### What is needed
Reproduce the listing exactly and skip over any pictures.

### Source data
<<<<

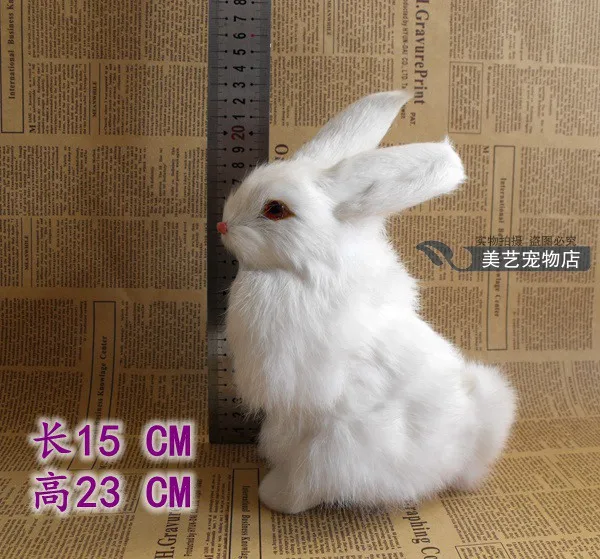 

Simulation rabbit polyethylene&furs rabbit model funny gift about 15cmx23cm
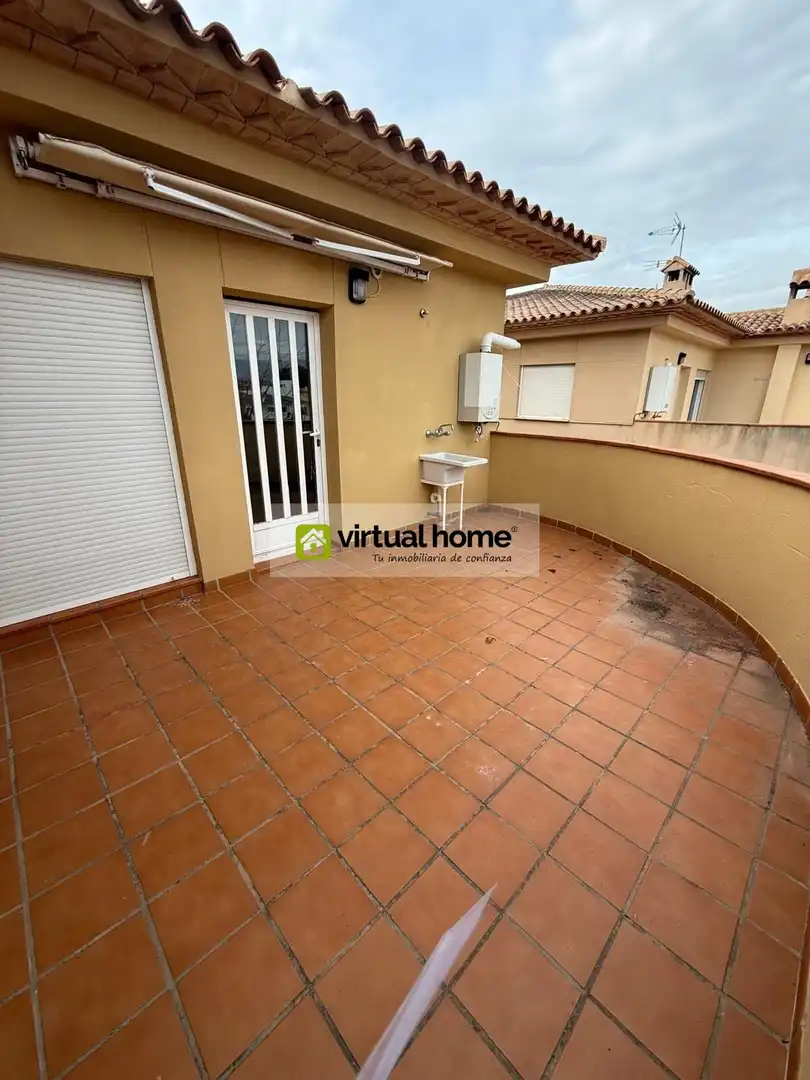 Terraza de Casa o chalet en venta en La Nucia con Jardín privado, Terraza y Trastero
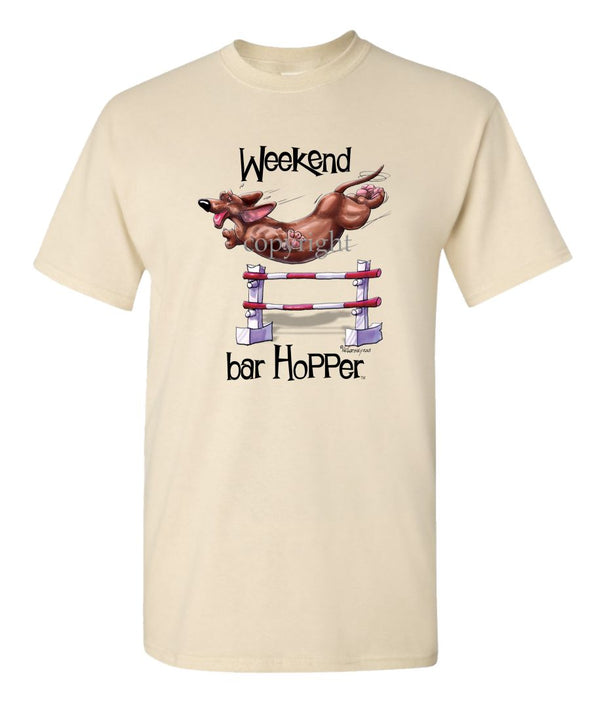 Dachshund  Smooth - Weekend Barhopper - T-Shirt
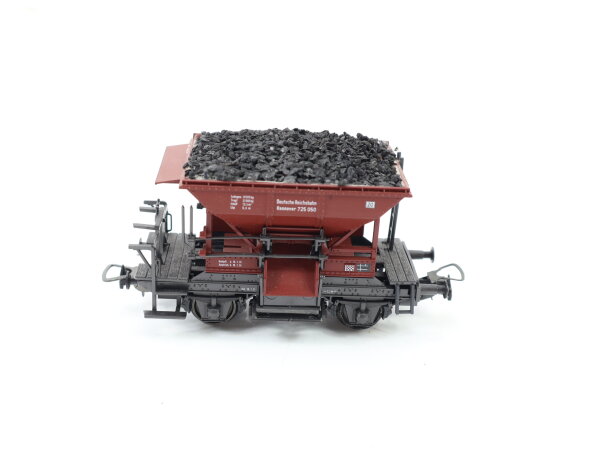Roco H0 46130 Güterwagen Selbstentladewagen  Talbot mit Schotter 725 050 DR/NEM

>>>>

### Answer section
Simulation rabbit polyethylene&furs rabbit model funny gift about 15cmx23cm
 Terraza de Casa o chalet en venta en La Nucia con Jardín privado, Terraza y Trastero
 Dachshund  Smooth - Weekend Barhopper - T-Shirt
Roco H0 46130 Güterwagen Selbstentladewagen  Talbot mit Schotter 725 050 DR/NEM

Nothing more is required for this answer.